After a long day of work in September, I finally got into a Beijing taxi to go home. Feeling tired, I closed my eyes to switch off my mind a bit. As it transpired, the taxi driver would have none of it-he tried to ignite a chat.

"The weather has been strange these days … Oh! Look at that car-so annoying to see people break traffic rules… How can traffic ever flow smoothly when the number of vehicles on the road keeps increasing every day? Yada yada."

Generally I am empathetic and tolerant. But this time, it seemed the taxi driver didn't seem to empathize with me. How I wish I had some kind of technology that could flash a "Do not disturb" sign on my forehead so people such as this cabby could allow others like me to just be.

Be careful what you wish for, they say. For your wish may just be granted. And why not? Robotaxis, or fully automated, self-driving cabs, will soon be common across China.

Conceivably, taxi driver jobs may become history sooner than we could imagine. I'm not sure if that is such a bad thing, as long as society finds ways to re-skill and re-deploy cabbies elsewhere so they could continue to earn a decent livelihood, in line with the nation's "six priorities".

By end of this year, the global robotaxi fleet will be 10,000 strong, according to the Ministry of Industry and Information Technology. In 2025, the figure will snowball to 500,000.

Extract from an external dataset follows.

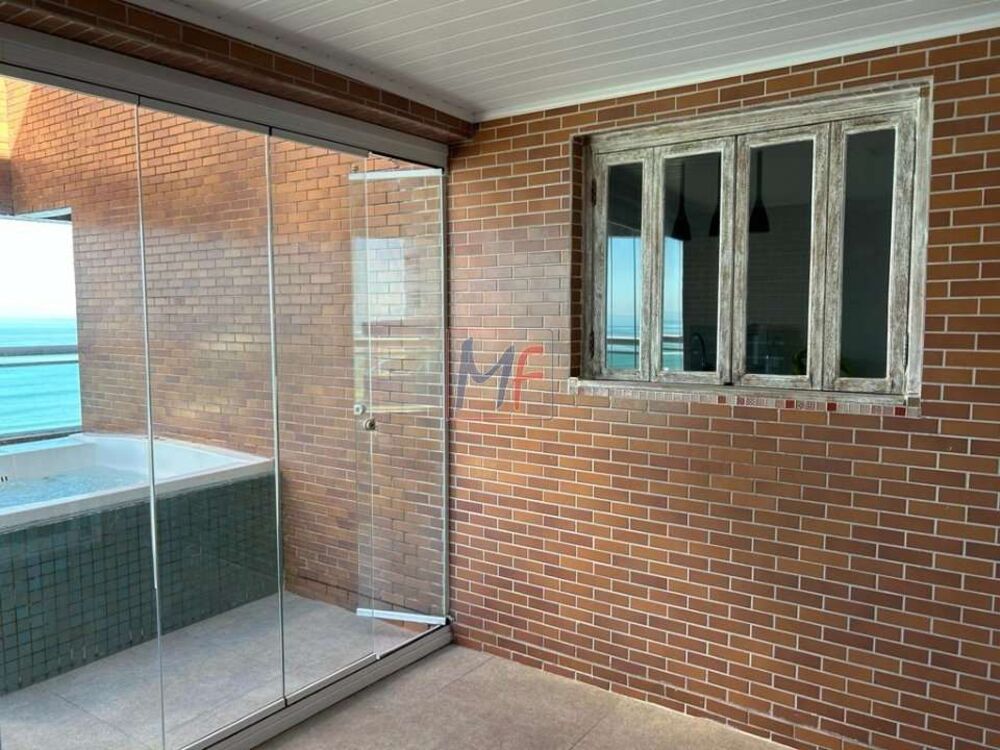 Cobertura à venda com 3 quartos, 122m² - Foto 1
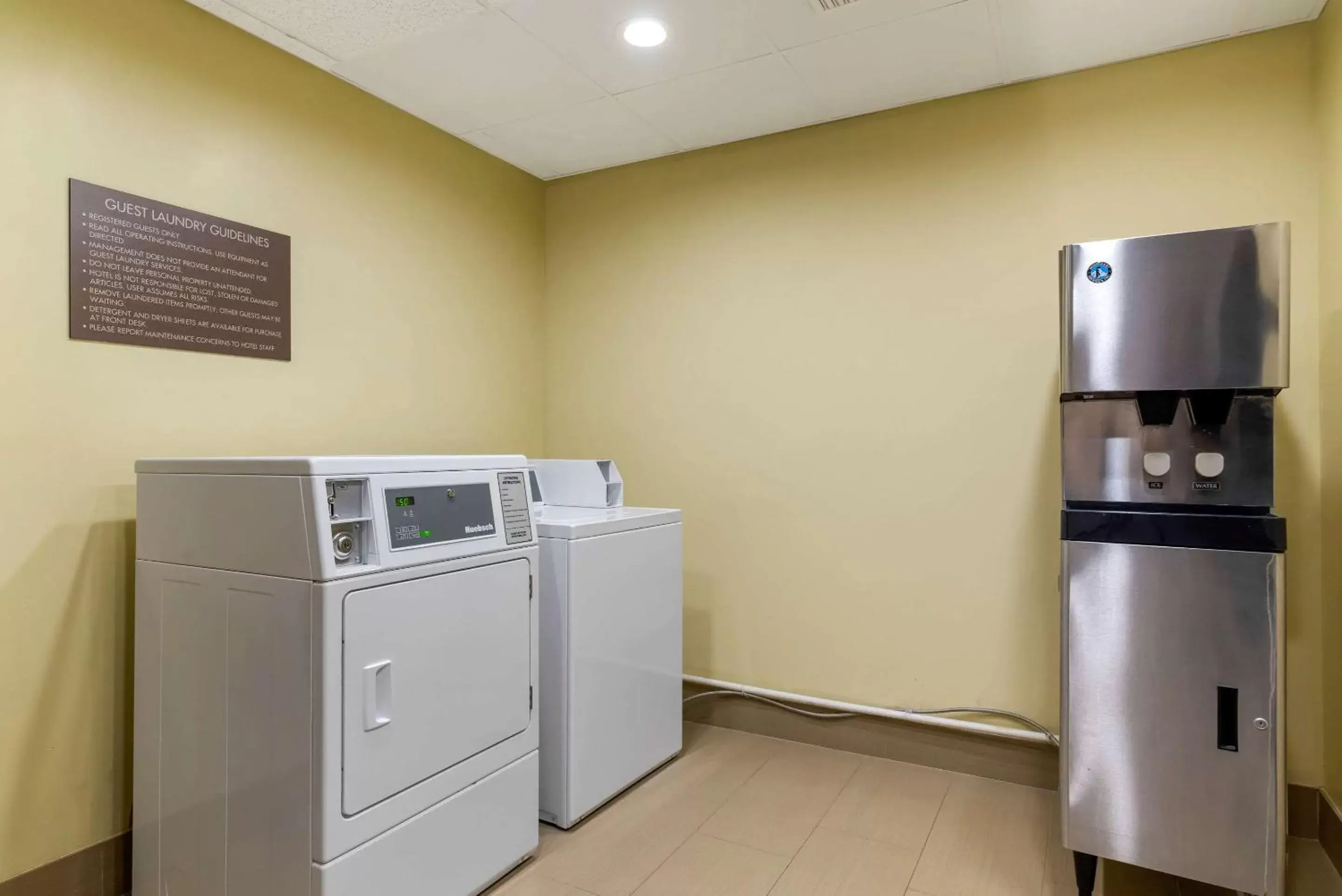 Other, Kitchen/Kitchenette in Comfort Inn & Suites Montgomery Eastchase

Chinese consumers are willing to pay as much as $4,600 as a premium for purchasing an autonomous vehicle, while their counterparts in the United States and Germany are willing to pay less premium ($3,900 and $2,900, respectively), a McKinsey & Company report has noted.

With more robotaxis on road, the country's ride-hailing giant Didi Chuxing is pressing the accelerator in the lane of the autonomous vehicle business. The company announced in June the launch of its on-demand robotaxi service to passengers in parts of Shanghai.

"Autonomous driving needs to move beyond being a novel but limited experience to a reliable and efficient daily mobility option for the general public in a highly complex real-world environment," said Zhang Bo, chief technology officer of Didi and CEO of its autonomous driving business unit.

That gladdened my heart. In the foreseeable future, hailing a robotaxi will be as convenient as flagging down a common taxi.

Many of my female friends are looking forward to robotaxi services on the Didi platform. That's because of the perception or fears that it may not always be safe for female passengers to hail nighttime rides in taxis driven by male drivers.

Of course, whether or not robotaxis prove to be safer in all respects remains to be seen. For example, what if someone outside notices a lone female passenger in a moving robotaxi?